Open MPI logo

Open MPI User's Mailing List Archives

  |   Home   |   Support   |   FAQ   |   all Open MPI User's mailing list

Subject: Re: [OMPI users] MPI_Init segfault on Ubuntu 8.04 version 1.2.7~rc2
From: Jeff Squyres (jsquyres_at_[hidden])
Date: 2008-07-28 15:18:53


If you are not using iWARP or InfiniBand networking, try configuring
Open MPI --without-memory-manager and see if that solves your
problem. Issues like this can come up, especially in C++ codes, when
the application (or supporting libraries) have their own memory
managers that conflict with Open MPI's. We *only* use an internal
memory manager for optimizing benchmark performance on iWARP and IB
networks, so if you're not using iWARP or IB, and/or your application
doesn't re-use the same buffers repeatedly to MPI_SEND/MPI_RECV, then
you don't need our memory manager.

To be 100% clear: OMPI's internal memory manager is only used for the
"mpi_leave_pinned" behavior. OMPI runs fine without it, but will
definitely see degraded performance in apps that continually re-use
the same buffers for MPI_SEND/MPI_RECV (i.e., benchmarks).

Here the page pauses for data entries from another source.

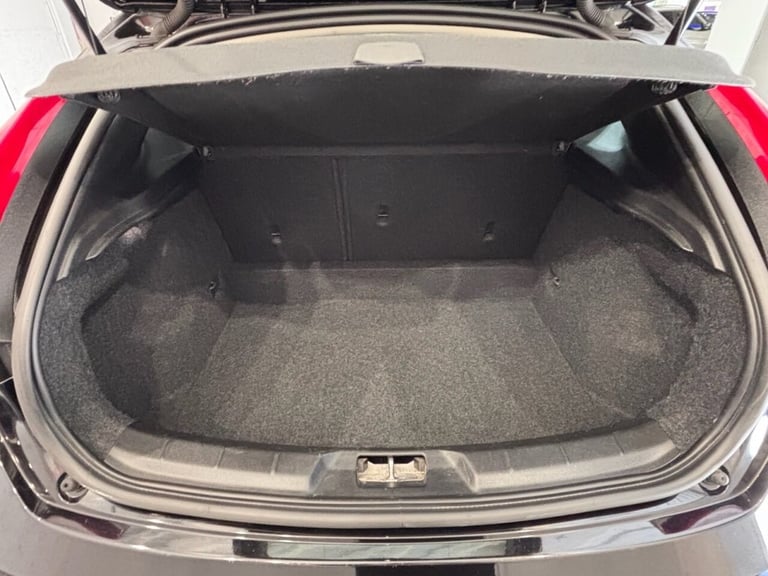 2016 16 VOLVO V40 2.0 D2 SE LUX HATCHBACK 5DR DIESEL MANUAL EURO 6 (S/S) (120 PS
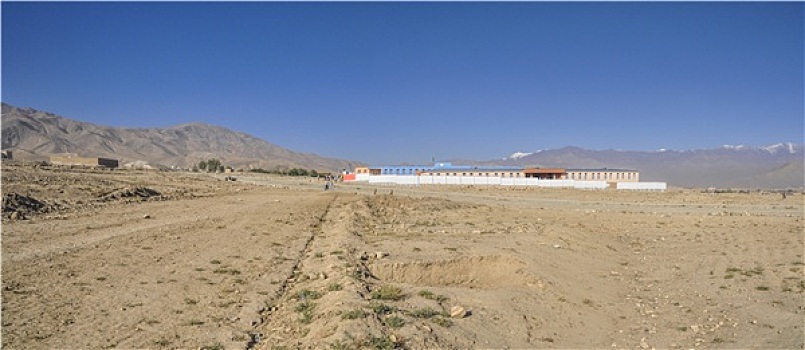 学校,阿富汗
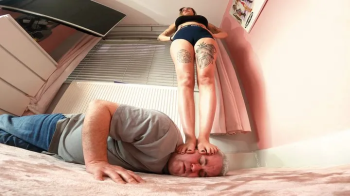 Head Crushed Under Bare Feet FLOOR CAM (4K).webp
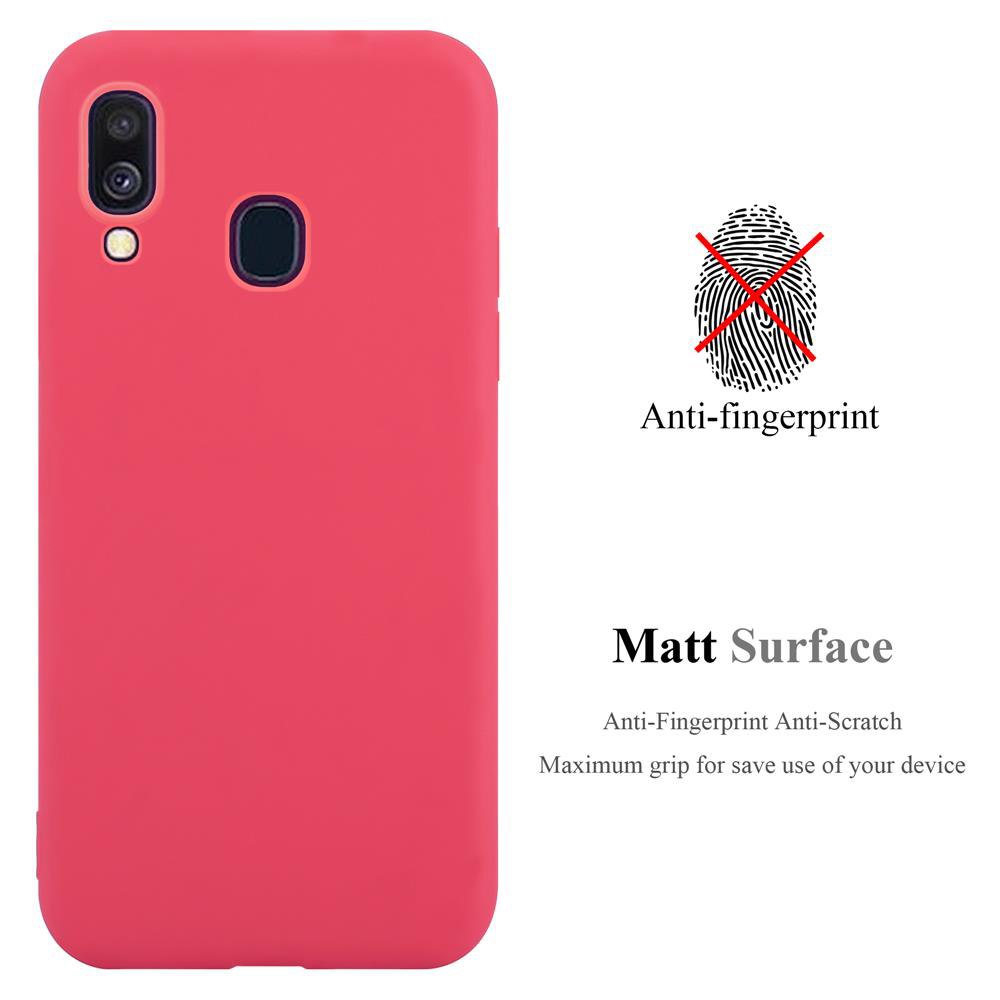 Custodia rosa per telefono con smartphone. Ha una superficie opaca ed è anti-impronta. Un'impronta digitale è barrata.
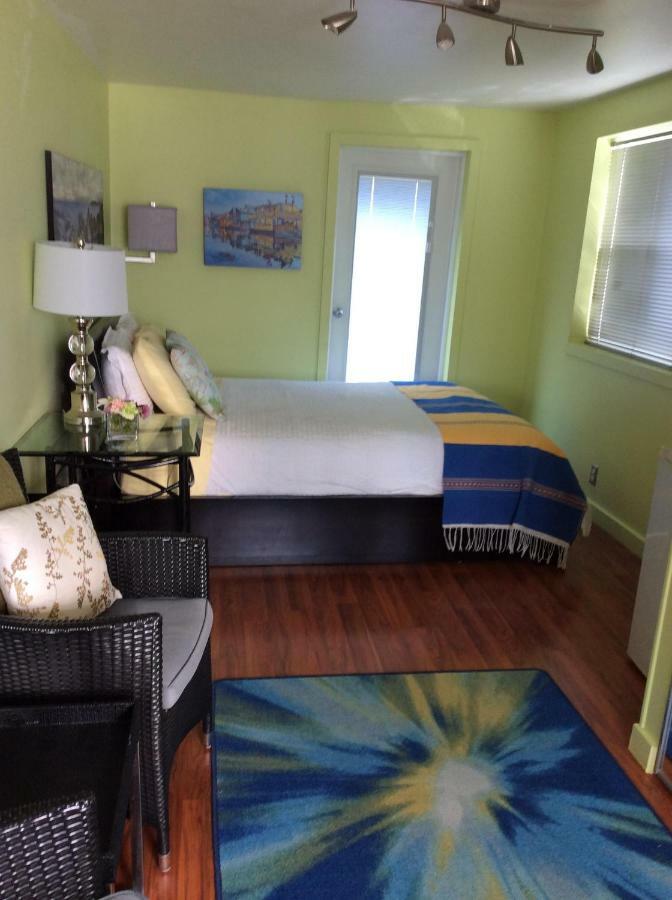A Float Home B&B In Fisherman'S Wharf Victoria Esterno foto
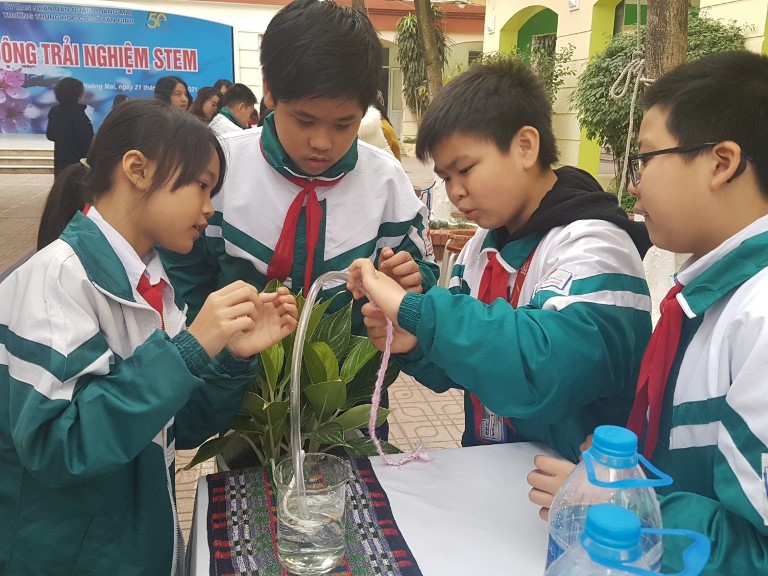 Sôi nổi Ngày hội trải nghiệm hoạt động STEM của học sinh quận Hoàng Mai - Ảnh 4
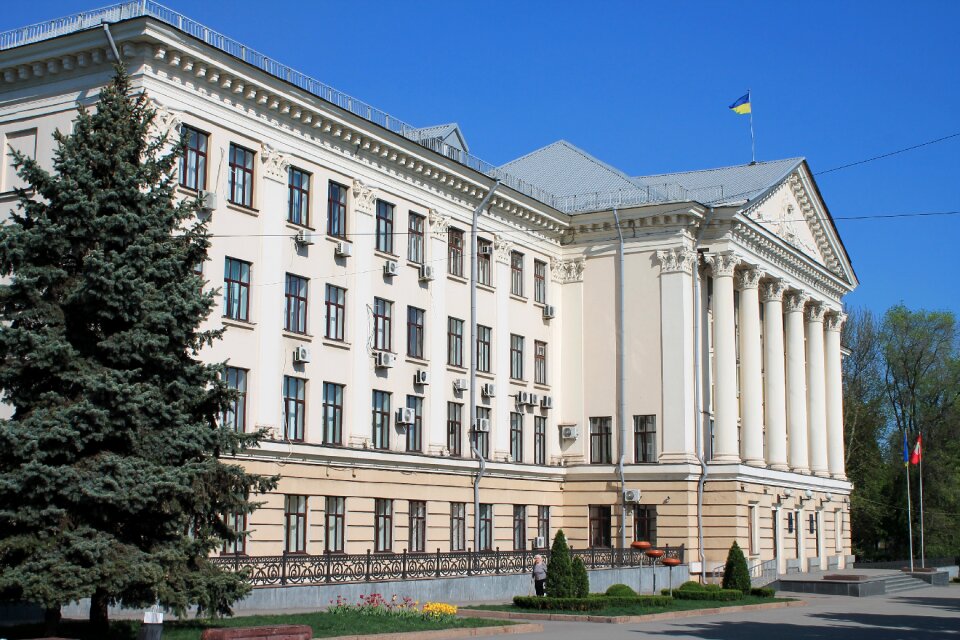 Building the façade of the ukraine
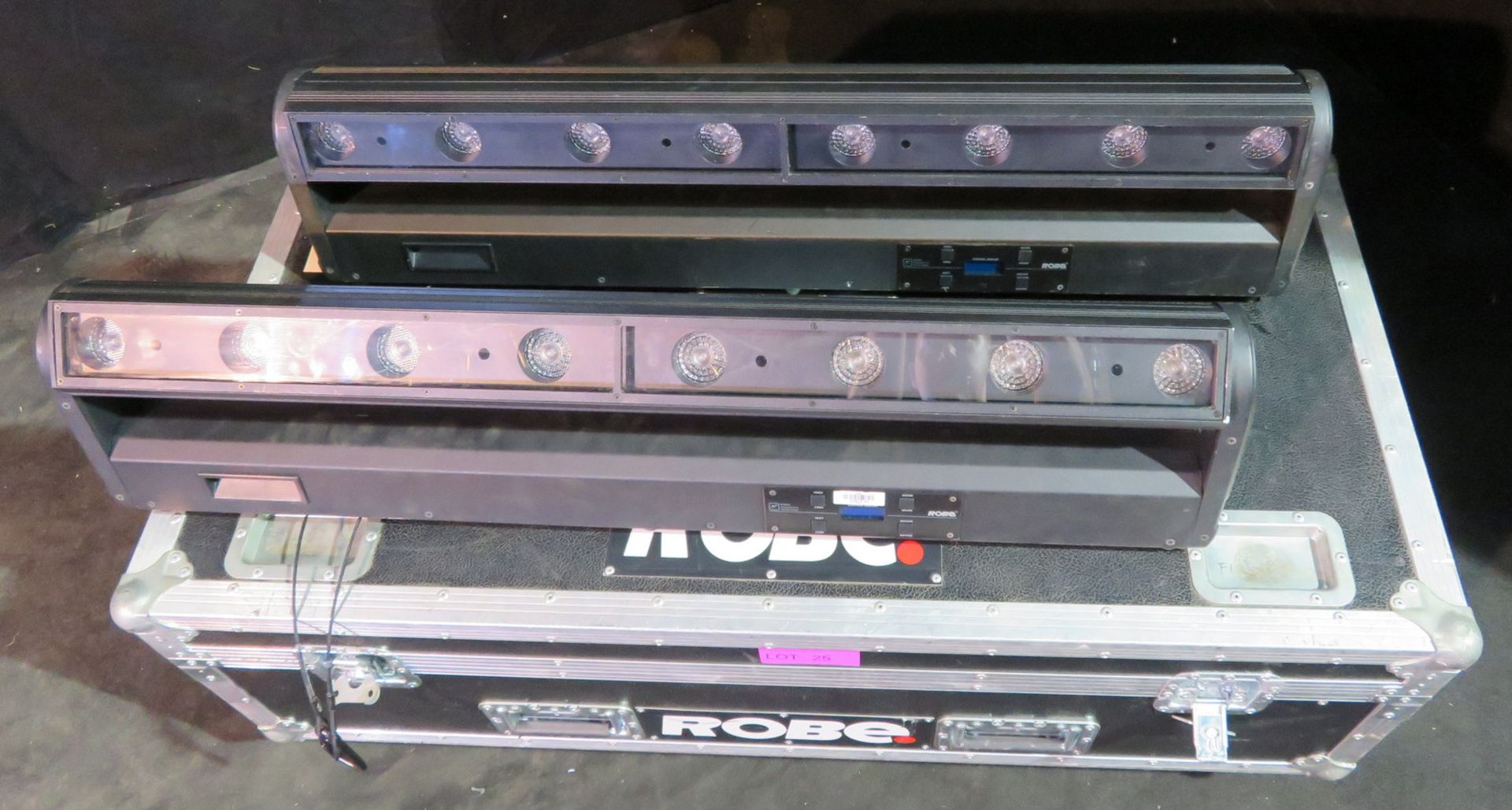 Pair of Robe CycFX8 in twin flightcase - Power hours: 9984 & 9848 - working - Image 2 of 9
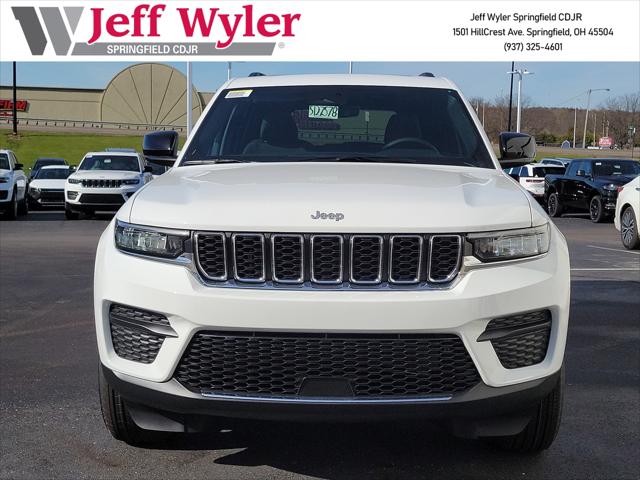 2025 Jeep Grand Cherokee GRAND CHEROKEE LAREDO X 4X4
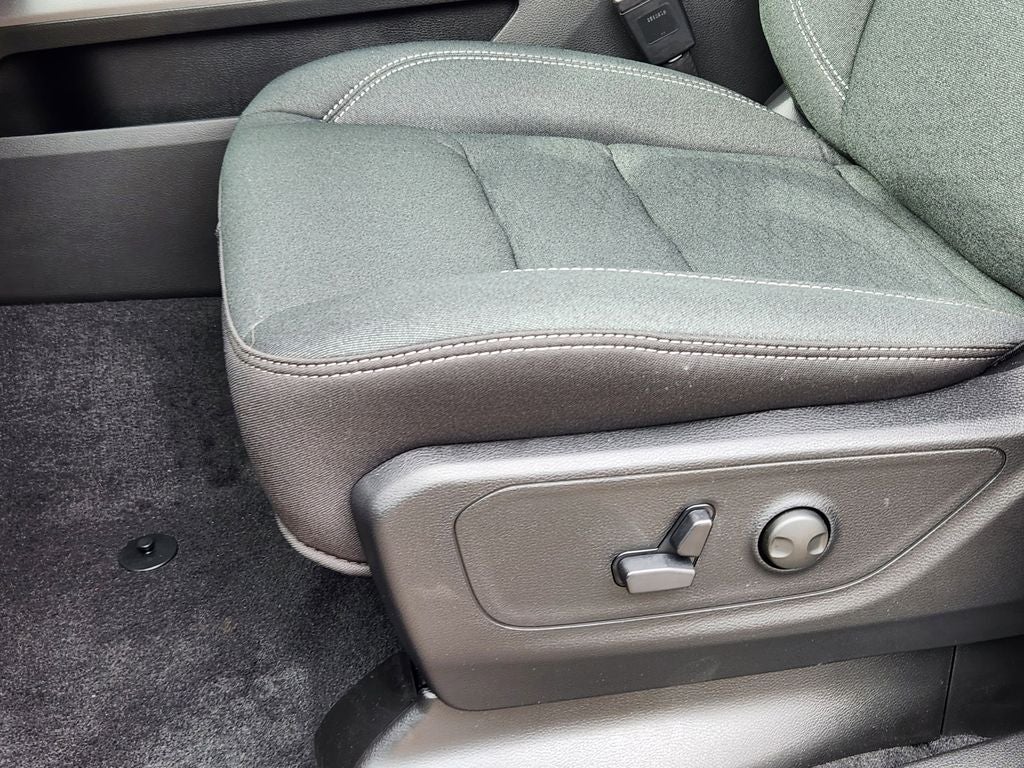 2026 RAM 1500 RAM 1500 BIG HORN QUAD CAB 4X4 6'4' BOX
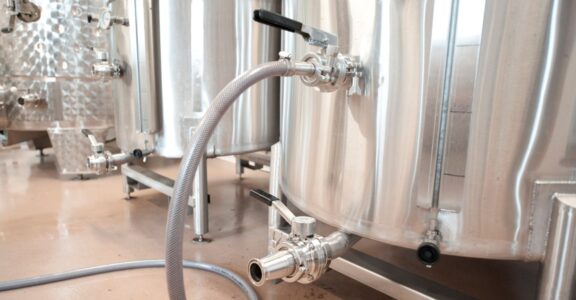 Vente et installation de cuves de vinification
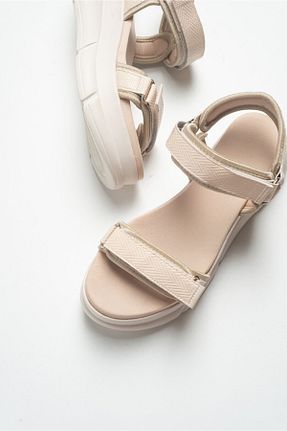صندل بژ زنانه پاشنه تخت luvishoes - کد 124883154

FYI: for these kinds of reasons, we're changing how we do
mpi_leave_pinned in the upcoming v1.3 series so that you hopefully
shouldn't have these issues.

On Jul 24, 2008, at 2:39 PM, Adam C Powell IV wrote:

> Greetings,
>
> I'm seeing a segfault in a code on Ubuntu 8.04 with gcc 4.2. I
> recompiled the Debian lenny openmpi 1.2.7~rc2 package on Ubuntu, and
> compiled the Debian lenny petsc and libmesh packages against that.
>
> Everything works just fine in Debian lenny (gcc 4.3), but in Ubuntu
> hardy it fails during MPI_Init:
>
> [Thread debugging using libthread_db enabled]
> [New Thread 0x7faceea6f6f0 (LWP 5376)]
>
> Program received signal SIGSEGV, Segmentation fault.
> [Switching to Thread 0x7faceea6f6f0 (LWP 5376)]
> 0x00007faceb265b8b in _int_malloc () from /usr/lib/libopen-pal.so.0
> (gdb) backtrace
> #0 0x00007faceb265b8b in _int_malloc () from /usr/lib/libopen-
> pal.so.0
> #1 0x00007faceb266e58 in malloc () from /usr/lib/libopen-pal.so.0
> #2 0x00007faceb248bfb in opal_class_initialize ()
> from /usr/lib/libopen-pal.so.0
> #3 0x00007faceb25ce2b in opal_malloc_init () from /usr/lib/libopen-
> pal.so.0
> #4 0x00007faceb249d97 in opal_init_util () from /usr/lib/libopen-
> pal.so.0
> #5 0x00007faceb249e76 in opal_init () from /usr/lib/libopen-pal.so.0
> #6 0x00007faced05a723 in ompi_mpi_init () from /usr/lib/libmpi.so.0
> #7 0x00007faced07c106 in PMPI_Init () from /usr/lib/libmpi.so.0
> #8 0x00007facee144d92 in libMesh::init () from /usr/lib/libmesh.so.
> 0.6.2
> #9 0x0000000000411f61 in main ()
>
> libMesh::init() just has an assertion and command line check before
> MPI_Init, so I think it's safe to conclude this is an OpenMPI problem.
>
> How can I help to test and fix this?
>
> This might be related to Vincent Rotival's problem in
> http://www.open-mpi.org/community/lists/users/2008/04/5427.php or
> maybe
> http://www.open-mpi.org/community/lists/users/2008/05/5668.php . On
> the
> latter, I'm building the Debian package, which should have the
> LDFLAGS="" fix. Hmm, nope, no LDFLAGS anywhere in the .diff.gz...
> The
> OpenMPI top-level Makefile has
> "LDFLAGS = -export-dynamic -Wl,-Bsymbolic-functions"
>
> -Adam
> --
> GPG fingerprint: D54D 1AEE B11C CE9B A02B C5DD 526F 01E8 564E E4B6
>
> Engineering consulting with open source tools
> http://www.opennovation.com/
> _______________________________________________
> users mailing list
> users_at_[hidden]
> http://www.open-mpi.org/mailman/listinfo.cgi/users

-- 
Jeff Squyres
Cisco Systems